* [YOUR ASSIGNMENT]: Write the records below out again word for word, with the pictures removed.

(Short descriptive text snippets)
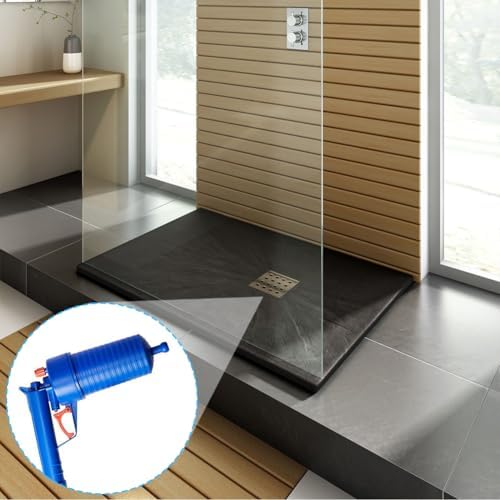 Lwuey Toilet Plunger Clog Remover with 4 Suckers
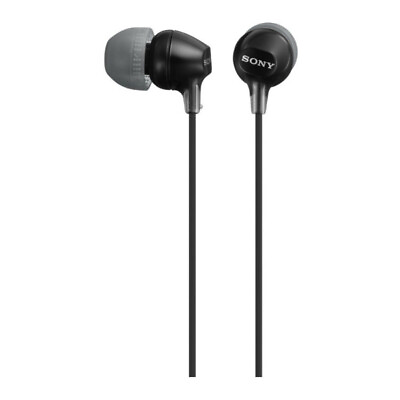 #ad Sony MDR EX15LP Fashion Color EX Series In Ear Earbud Headphones Black $9.99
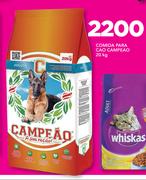 Comida para Cão Campeão-20Kg
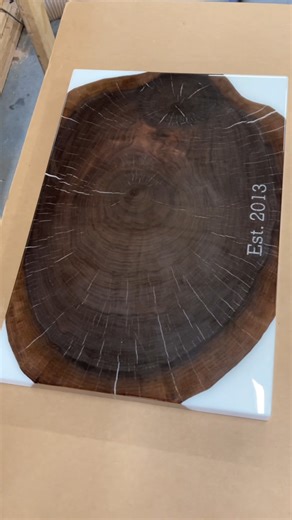 Walnut Cookie and Epoxy | Hess Carpentry & Woodwork LLC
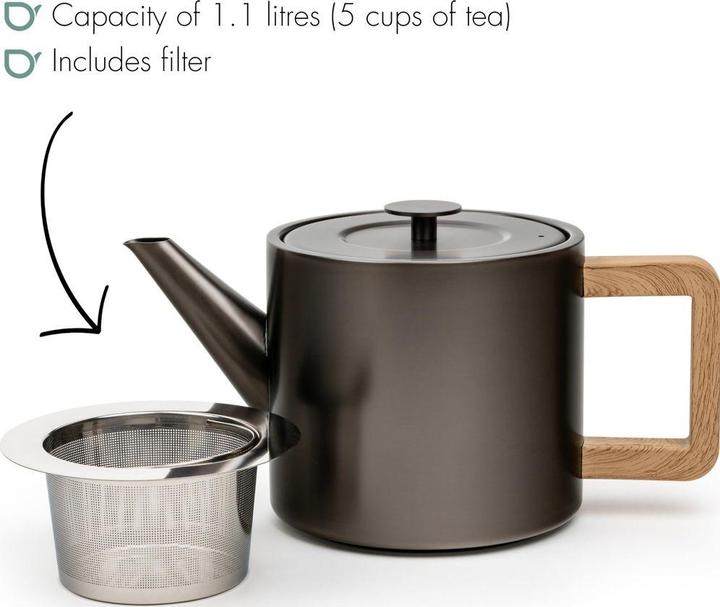 Produktbild Bredemeijer Teekanne Narvik 1,1l metalic grau 111055 (1.10 l)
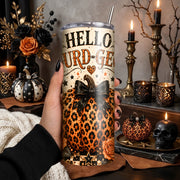 Hello Gourd-geous Tumbler Wrap PNG | 20oz Skinny Halloween Sublimation Design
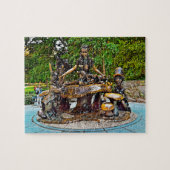 Alice in het centrale park van Wonderland. Legpuzzel (Horizontaal)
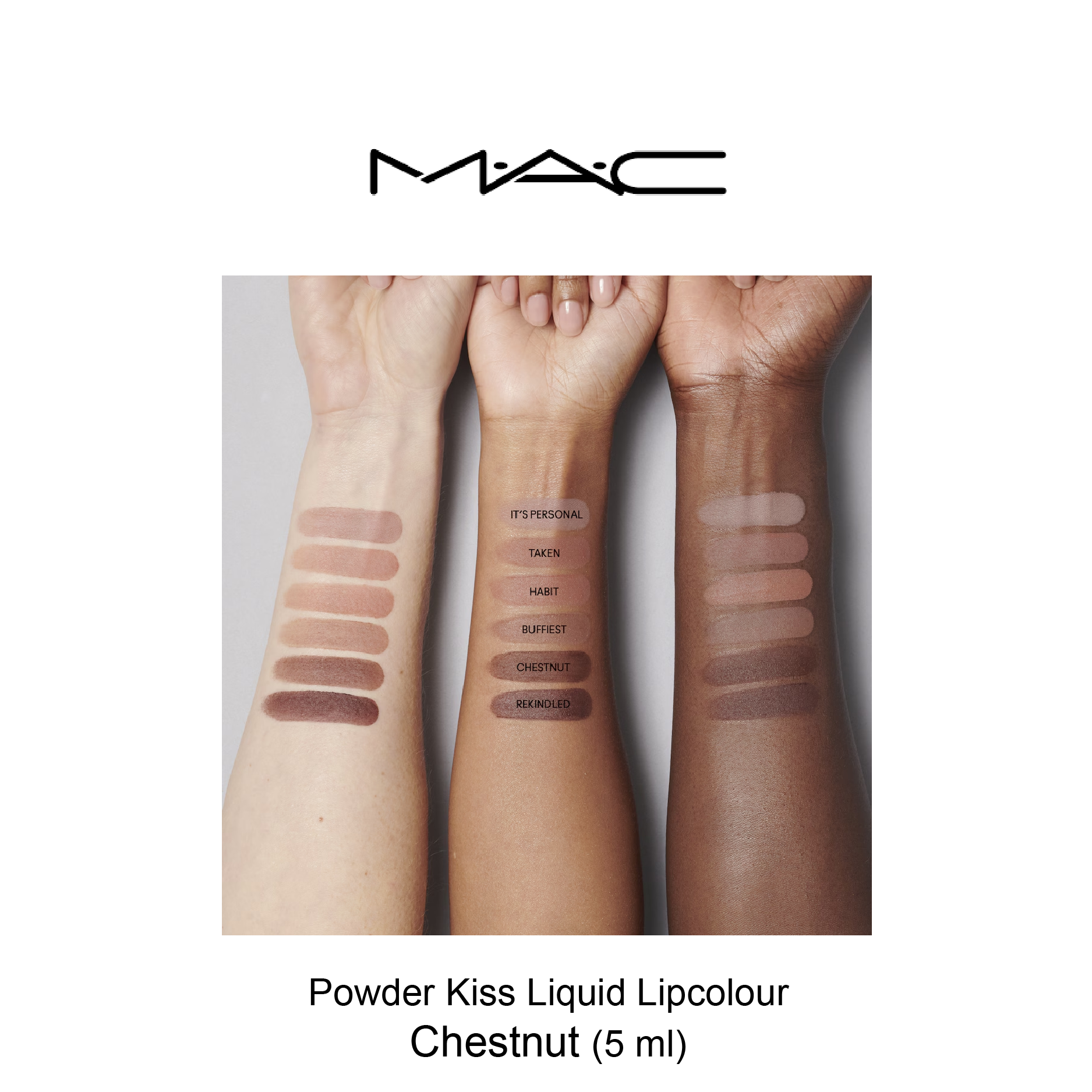 MAC POWDER KISS liquid lipcolor #Chestnut 1 u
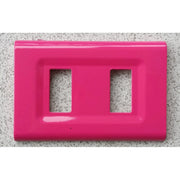 Trade Shop - Placchette Placche In Abs Serie Magic Elite Bticino Compatibili Color Copriprese - Fucsia -2 Fori     -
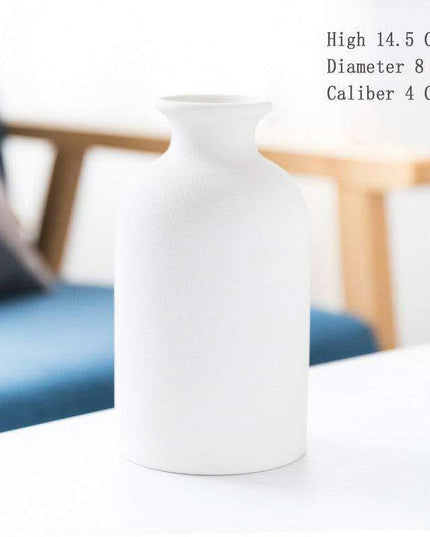 Timeless Nordic Charm: Exquisite Handcrafted Ceramic Vase for Lasting Elegance
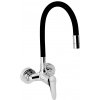 Novaservis Drezová batéria s elastickým ramenom 100mm, čierna-chróm 94484,0C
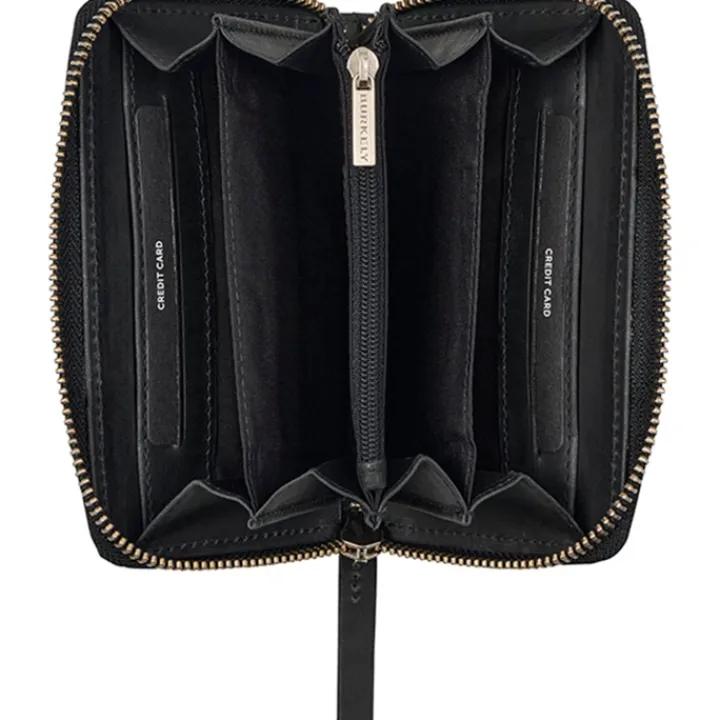 Mini Portemonnees|Kleine Portemonnees>Burkely Cool Colbie Medium Zip Around Wallet black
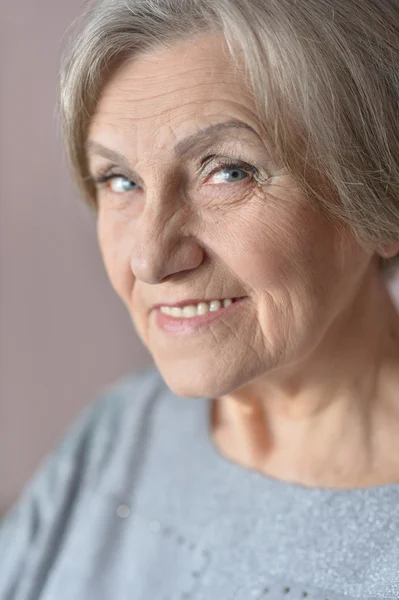 Egy idős asszony portréja — Stock Fotó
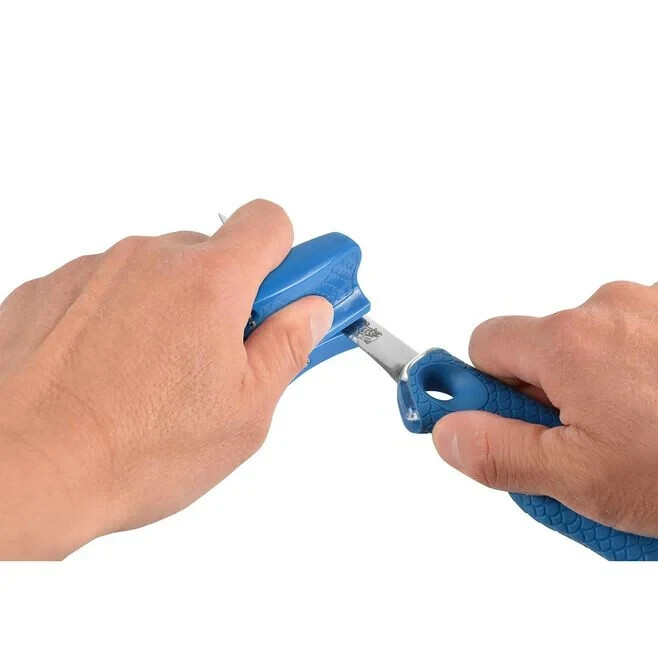 Cuda Knife Sharpener Tool/Keychain 2 Stage Sharpening: Carbide + Ceramic 4 PACK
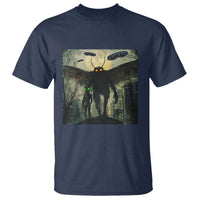 Mothman Aliens T Shirt Funny Cryptid Alien UFO - Wonder Print Shop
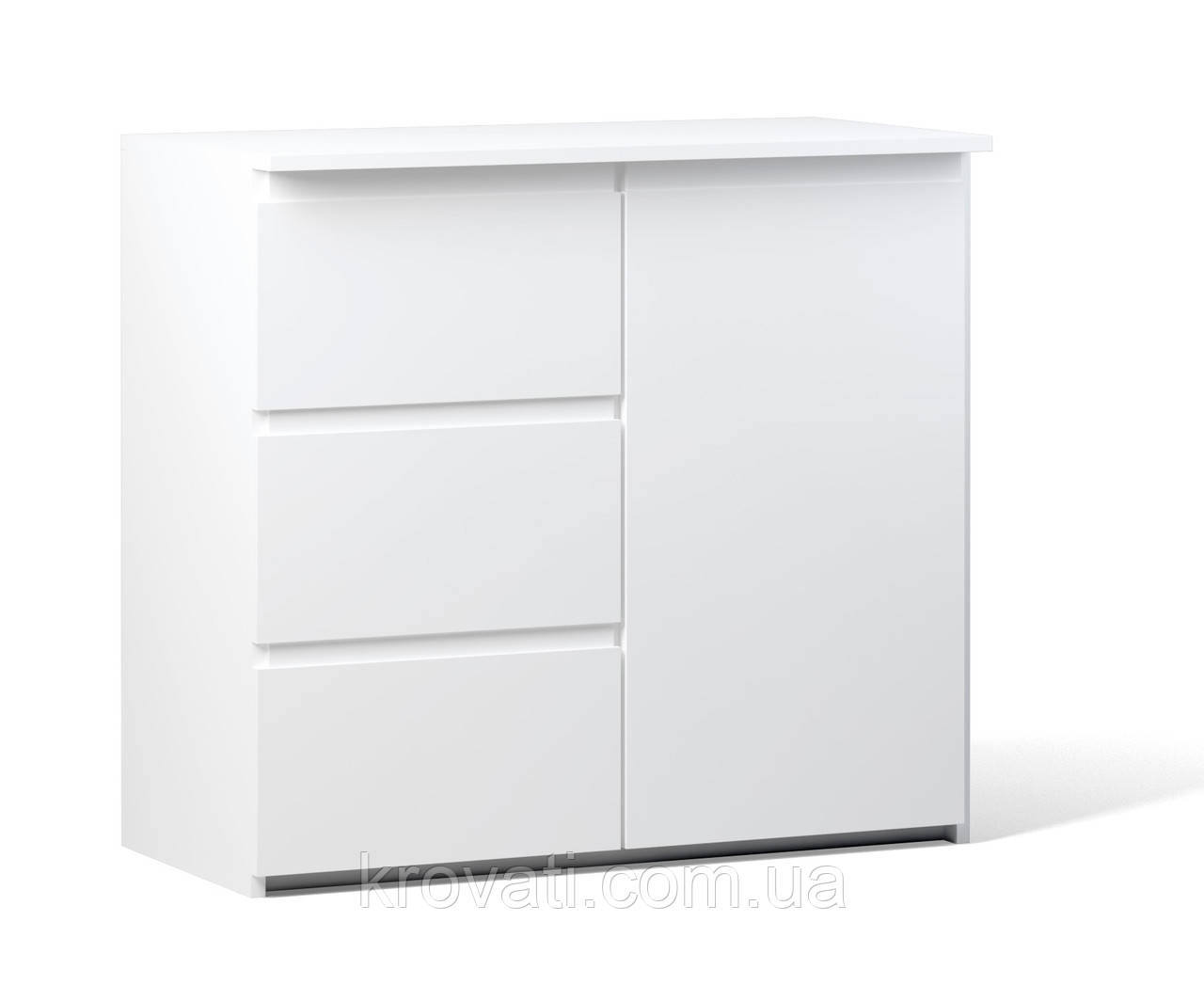 Комод 1Д3Ш Бруклін, Меблі Сервіс, Білий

* [EXERCISE RESPONSE]:
 Lwuey Toilet Plunger Clog Remover with 4 Suckers
 #ad Sony MDR EX15LP Fashion Color EX Series In Ear Earbud Headphones Black $9.99
 Comida para Cão Campeão-20Kg
 Walnut Cookie and Epoxy | Hess Carpentry & Woodwork LLC
 Produktbild Bredemeijer Teekanne Narvik 1,1l metalic grau 111055 (1.10 l)
 Hello Gourd-geous Tumbler Wrap PNG | 20oz Skinny Halloween Sublimation Design
 Alice in het centrale park van Wonderland. Legpuzzel (Horizontaal)
 MAC POWDER KISS liquid lipcolor #Chestnut 1 u
 Trade Shop - Placchette Placche In Abs Serie Magic Elite Bticino Compatibili Color Copriprese - Fucsia -2 Fori     -
 Timeless Nordic Charm: Exquisite Handcrafted Ceramic Vase for Lasting Elegance
 Novaservis Drezová batéria s elastickým ramenom 100mm, čierna-chróm 94484,0C
 Mini Portemonnees|Kleine Portemonnees>Burkely Cool Colbie Medium Zip Around Wallet black
 Egy idős asszony portréja — Stock Fotó
 Cuda Knife Sharpener Tool/Keychain 2 Stage Sharpening: Carbide + Ceramic 4 PACK
 Mothman Aliens T Shirt Funny Cryptid Alien UFO - Wonder Print Shop
 Комод 1Д3Ш Бруклін, Меблі Сервіс, Білий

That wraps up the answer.